Singapore Airlines Says Job Cuts Are Possible in Business ReviewBy and
CEO Goh says staff aware headcount reduction possible
Premium carrier has hired advisers to help with revamp
Singapore Airlines Ltd. said jobs are likely to be cut as part of a business review Southeast Asia’s biggest carrier has kicked off to revive earnings following a surprise quarterly loss.
The premium carrier’s staff is aware headcount reduction is possible under the process, Chief Executive Officer Goh Choon Phong told reporters Tuesday at the annual meeting of the International Air Transport Association in Cancun, Mexico. The group, including affiliates and units, employed an average 24,350 workers at the end of March 2016.
Some jobs may become “irrelevant,” while some workers may need new skills for different tasks, Goh said, adding it is too early to provide numbers. The review process that covers the carrier’s fleet and network started more than six months ago, and Singapore Air has hired external advisers for help, he said.
Singapore Air, which reported its first quarterly loss in five years, is under pressure to reduce costs and revamp its business amid intense competition from regional discount carriers and Middle-Eastern rivals. Asia’s other marquee carrier -- Cathay Pacific Airways Ltd. -- said last month that it would eliminate 600 jobs in Hong Kong as part of the biggest business revamp in two decades as it slipped into a loss for the first time in eight years.

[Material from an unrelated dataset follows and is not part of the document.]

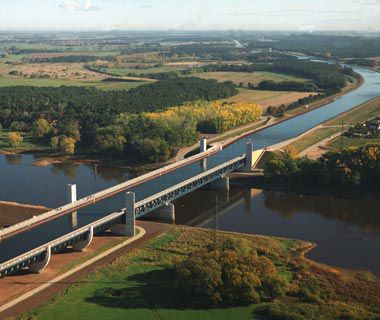 World's Strangest Bridges: Magdeburg Water Bridge, Germany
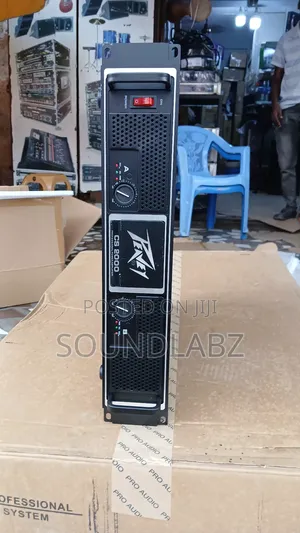 Peavey Cs2000 Full/Half Range Speaker Amplifier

Predicting a challenging 2017, with passenger and cargo yields -- a key measure of profitability in the industry -- under stress, Singapore Air said in May that it’s set up a dedicated transformation office to conduct a “wide-ranging review” to better position the group for long-term, sustainable growth.

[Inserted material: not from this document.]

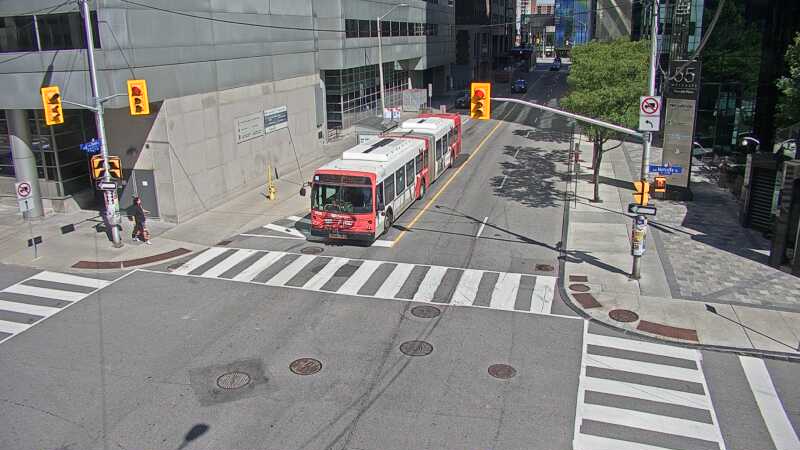 Traffic camera image at 2025-09-14 17:31:00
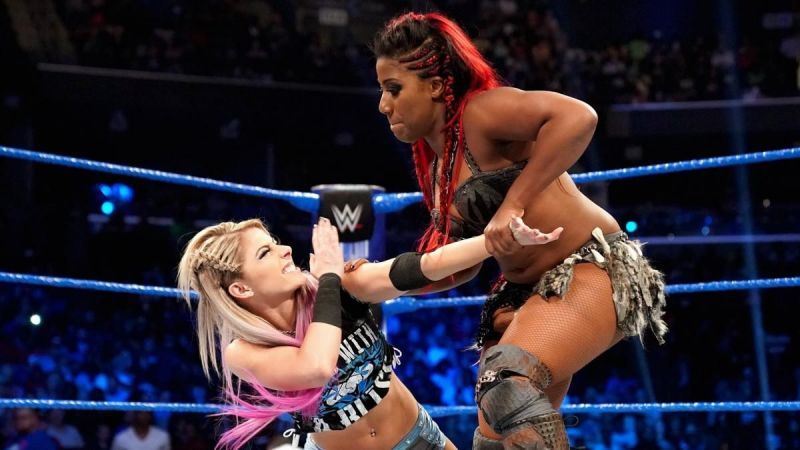 SmackDown Live has relied heavily on Raw superstars in recent weeks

The aim of the process is to reshape the business “that continues to deliver high-quality products and services, though with a significantly improved cost base and higher levels of efficiency,” it said in a statement on May 18.
The net loss in the quarter through March was S$138.3 million ($100 million), the first since the same period in 2012. The company took a provision of S$132 million in the period for competition-related matters.
Shares of Singapore Air -- the only Asian airline to have flown the Concorde and the first in the world to fly the A380 superjumbo -- have risen 3.4 percent this year, lagging behind the 21 percent gains for the Bloomberg Asia Pacific Airlines Index.
Hong Kong-based Cathay Pacific has set a target to save 30 percent in employee costs at its head office.